● Exercise objective
Range to repeat from the listing below: the line containing "Pantalones deportivos con" down to the line containing "Gucci Black GG", both included. Copy it exactly, pictures excluded, and add nothing else.

● Data
□ □ □ □
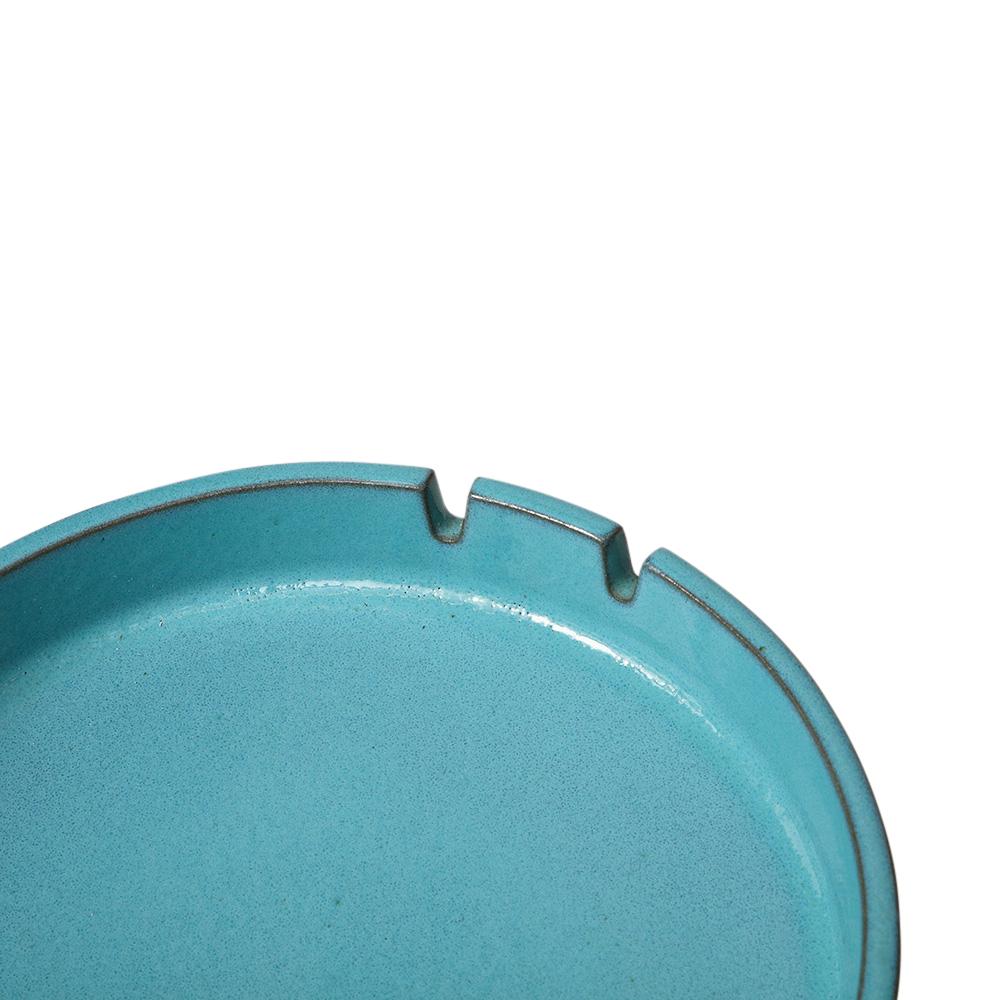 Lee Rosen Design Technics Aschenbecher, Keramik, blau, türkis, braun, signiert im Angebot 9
□ □ □ □
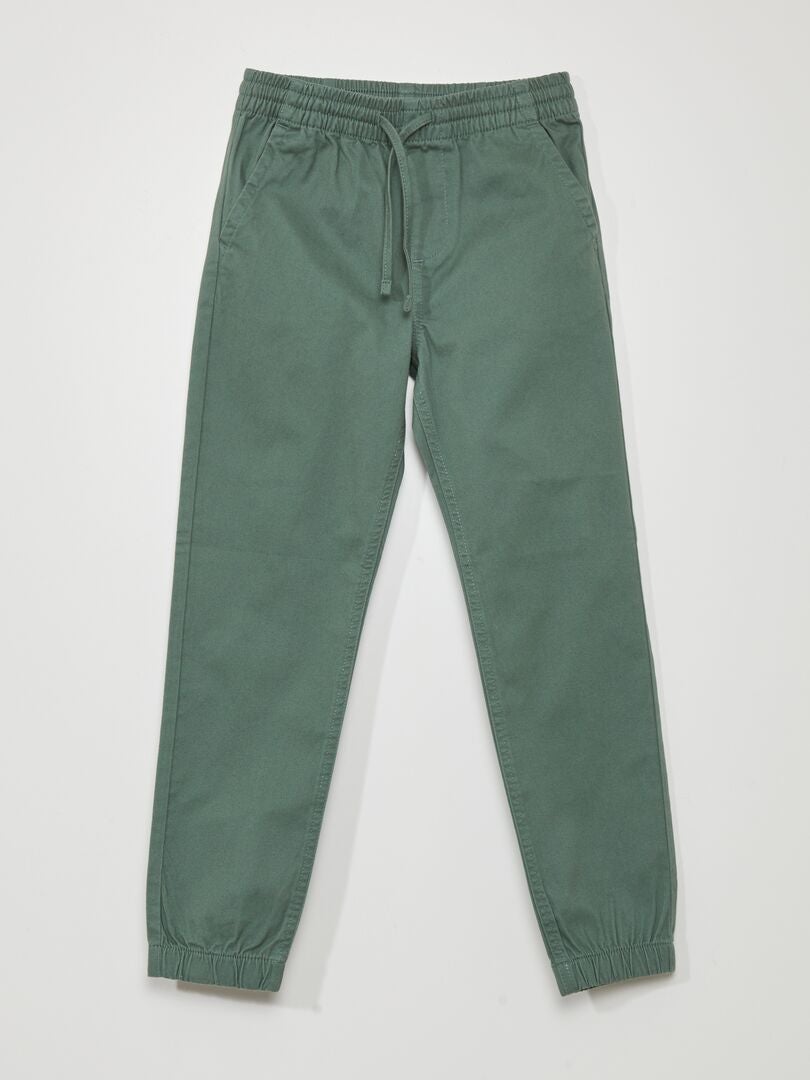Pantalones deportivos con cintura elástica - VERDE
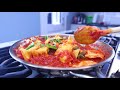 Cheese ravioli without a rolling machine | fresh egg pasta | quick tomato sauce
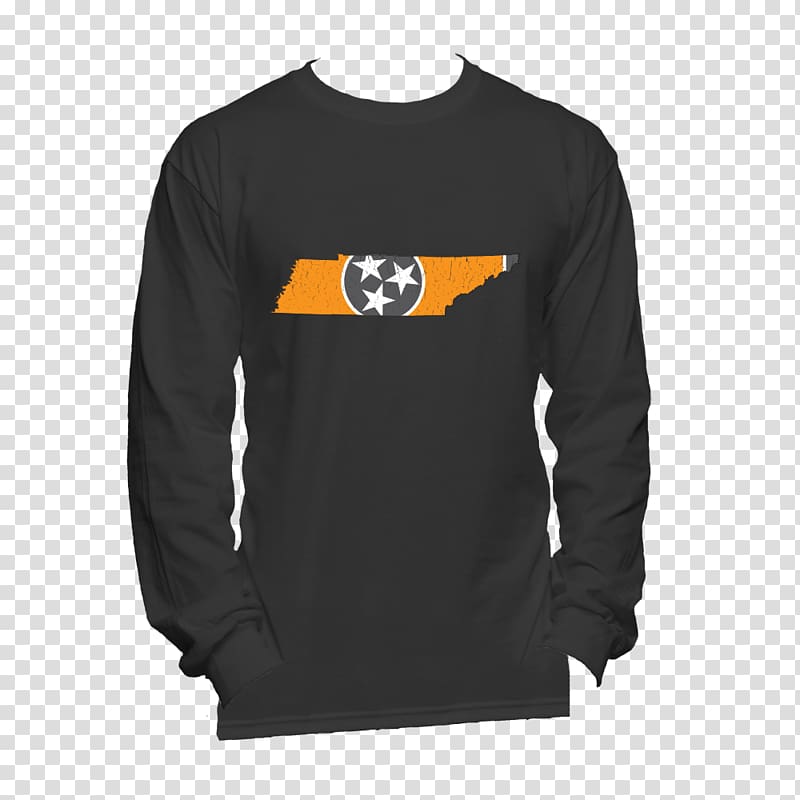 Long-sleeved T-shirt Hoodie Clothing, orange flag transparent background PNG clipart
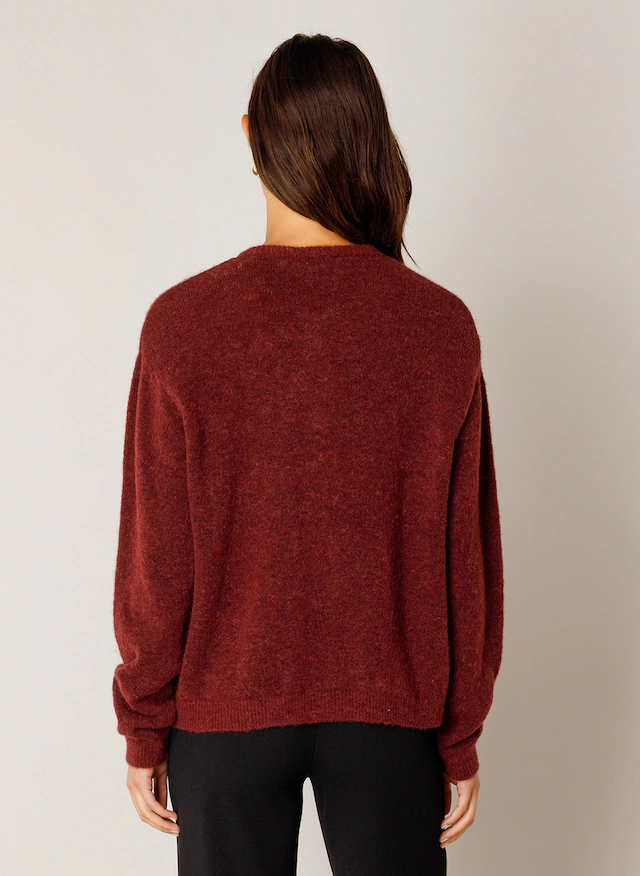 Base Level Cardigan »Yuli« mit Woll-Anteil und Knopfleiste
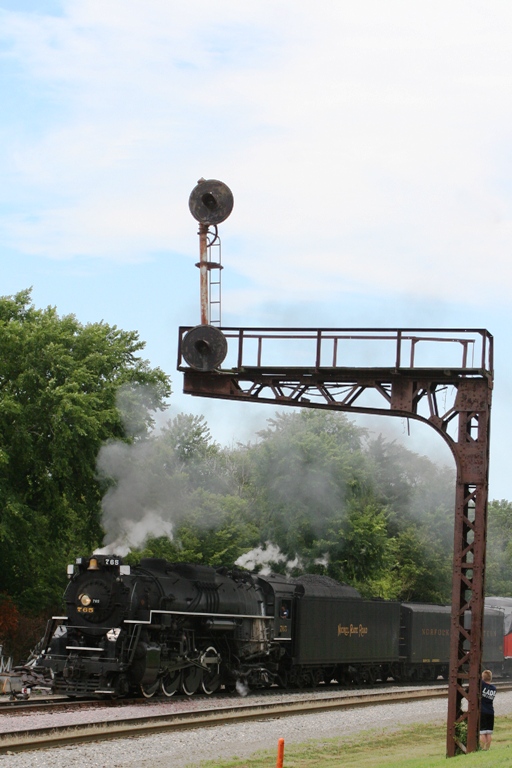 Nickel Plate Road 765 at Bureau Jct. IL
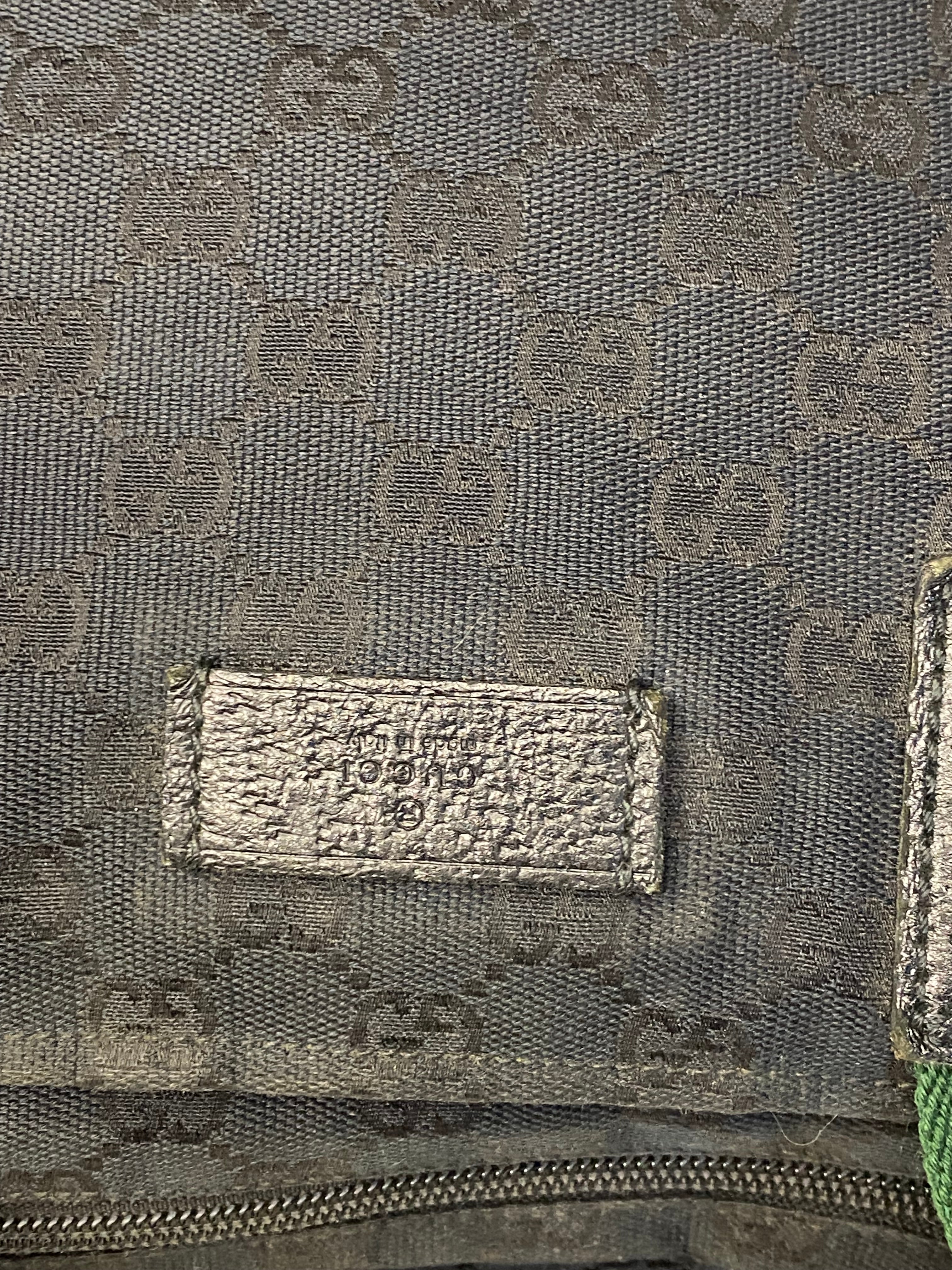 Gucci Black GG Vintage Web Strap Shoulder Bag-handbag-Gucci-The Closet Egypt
□ □ □ □
● Output for this task
Pantalones deportivos con cintura elástica - VERDE
 Cheese ravioli without a rolling machine | fresh egg pasta | quick tomato sauce
 Long-sleeved T-shirt Hoodie Clothing, orange flag transparent background PNG clipart
 Base Level Cardigan »Yuli« mit Woll-Anteil und Knopfleiste
 Nickel Plate Road 765 at Bureau Jct. IL
 Gucci Black GG Vintage Web Strap Shoulder Bag-handbag-Gucci-The Closet Egypt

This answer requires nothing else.